LIQUOR DISTRIBUTION FEE CAP                                                            H.B. 5578 (S-1):

                                                                                     SUMMARY OF BILL REPORTED

                                                                                                     FROM COMMITTEE

 

 

 

 

 

 

 

 

 

House Bill 5578 (Substitute S-1 as reported)

Sponsor:  Representative Hugh Crawford

House Committee:  Regulatory Reform

Senate Committee:  Regulatory Reform

 

CONTENT

 

The bill would amend the Michigan Liquor Control Code to remove the cap on a fee that the Liquor Control Commission (LCC) may pay to a vendor of spirits to offset its costs in contracting with an authorized distribution agent.

 

(The Code defines "vendor of spirits" as a person selling spirits to the LCC. Authorized distribution agents are appointed by the LCC to warehouse and deliver spirits in Michigan to ensure that all retail licensees are properly serviced with spirits.)

 

In addition to paying a vendor of spirts the acquisition price for purchasing spirits, the LCC may pay each vendor of spirits an additional amount of between $4.50 and $7.50 for each case of spirits purchased, as an offset to the costs incurred by that vendor in contracting with an authorized distribution agent for warehousing and delivering spirits to retailers. The bill would eliminate the $7.50 maximum limit on that additional payment.

 

MCL 436.1205                                                         Legislative Analyst:  Patrick Affholter

 

FISCAL IMPACT

 

The bill would have a potentially negative fiscal impact on State General Fund/General Purpose (GF/GP) revenue, and no fiscal impact on local units of government. The bill would remove the statutory cap of $7.50 per case on the fee paid by the Michigan Liquor Control Commission to authorized distribution agents for the warehousing and delivery of spirits, which would allow the LCC to raise this fee if it chose to do so. Increases in this fee would not affect the operations of the Commission, but would effectively reduce GF/GP revenue.

 

The LCC uses the Liquor Purchase Revolving Fund (LPRF) as the enterprise fund for all of its activities as the sole wholesaler of spirits in Michigan. Each year, surplus LPRF funds are deposited to the State General Fund; these surpluses roughly represent the profit that the LCC made during the prior fiscal year. Since the LPRF is annually deposited into the State General Fund, any increases in LCC costs will ultimately manifest themselves as a reduction in the amount of that deposit during the subsequent fiscal year.
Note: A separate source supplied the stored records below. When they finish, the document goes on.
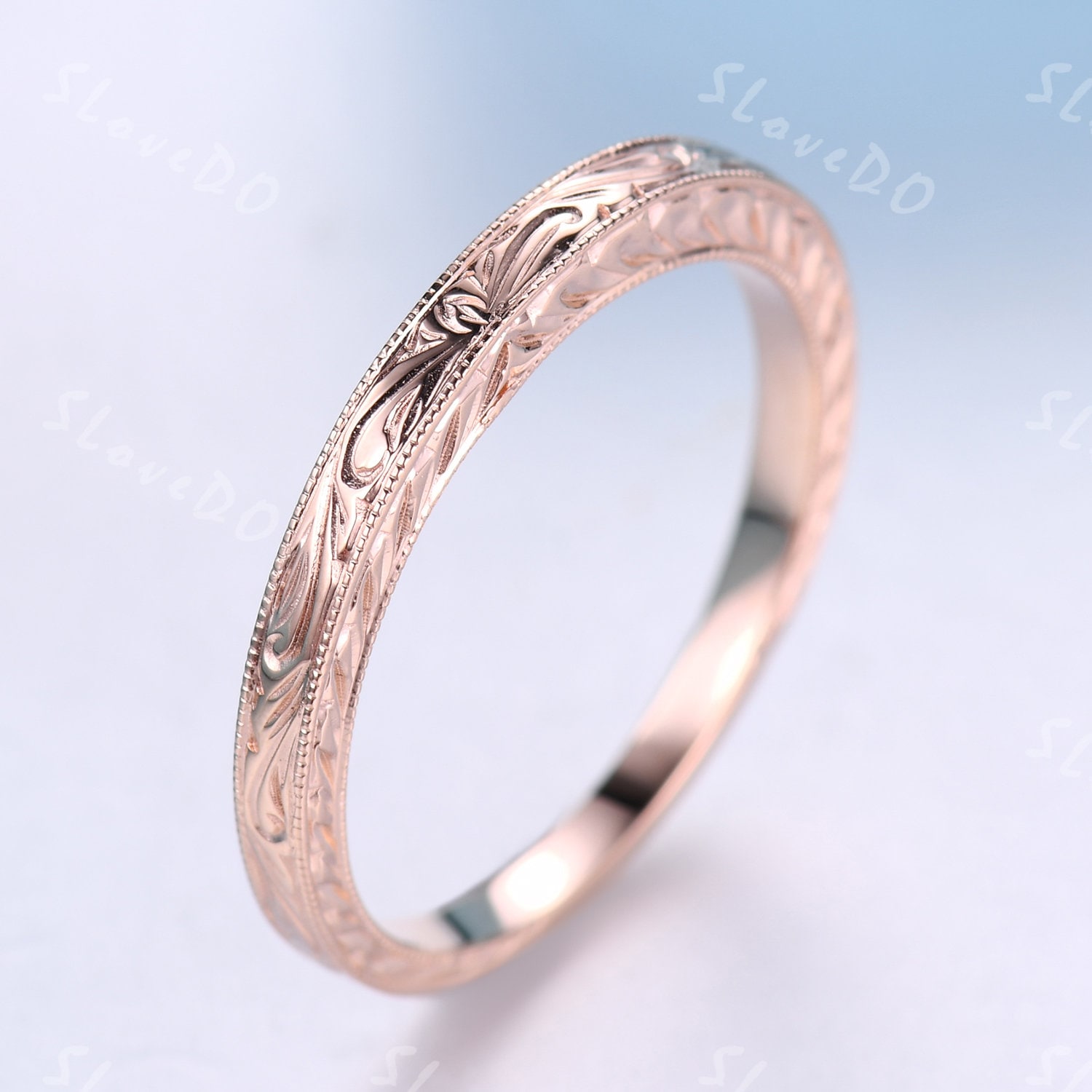 Filigraner Milgrain Edge Ehering Ring 10K/14K/18K Massive Gold Jubiläumsring Retro Vintage Floral Design von SLoveDO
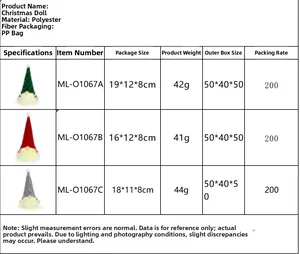 Detailed size chart for Christmas LED gnomes showing dimensions and weight specifications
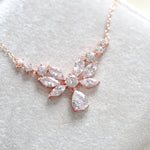 Dainty Rose Gold cubic zirconia Bridal necklace - JOSIE - Treasures by Agnes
According to the fiscal year (FY) 2012-13 Comprehensive Annual Financial Report, the FY 2012-13 LPRF deposit was $169.6 million.

 

It is not clear how much the LCC would increase the fee if the bill were enacted and the opportunity to do so existed, or even if it would at all. The Office of Regulatory Reinvention Advisory Rules Committee (ARC) June 2012 recommendations for liquor control addressed this issue. One of the ARC recommendations suggested that an index could be identified to adjust the per-case fee annually to account for inflation, and suggested that the Warehousing and Transportation Sector Producer Price Index (PPI) from the Bureau of Labor Statistics could be used for that purpose. This particular PPI measure goes back only to December 2006, but if that and the $6.97 per-case fee that was in effect when the ARC recommendation was written are used as a starting point, use of this index would mean that the per-case fee would be $8.78 for 2014, assuming the current fee would have been set in January 2014 and there was a three-month lag in PPI data. This would represent a 17.1% increase from the current fee of $7.50. From an annual cost perspective, the LCC indicated in its revenue, sales, and licensing statistics report that a total of 7,372,714 cases of spirits were sold in Michigan during FY 2011-12. Applying the ARC recommendation to use the Warehousing and Transportation Sector PPI as an indexing mechanism, and assuming FY 2013-14 spirit sales were similar to those of FY 2011-12, the fee increase would result in the loss of approximately $9.4 million in GF/GP revenue annually, and that annual loss would increase as the PPI increases over time. It bears repeating, however, that the bill would not require the LCC to follow the ARC recommendation, nor would it require the Commission to increase the fee at all.

 

Date Completed:  11-21-14                                                    Fiscal Analyst:  Josh Sefton

 

This analysis was prepared by nonpartisan Senate staff for use by the Senate in its deliberations and does not constitute an official statement of legislative intent.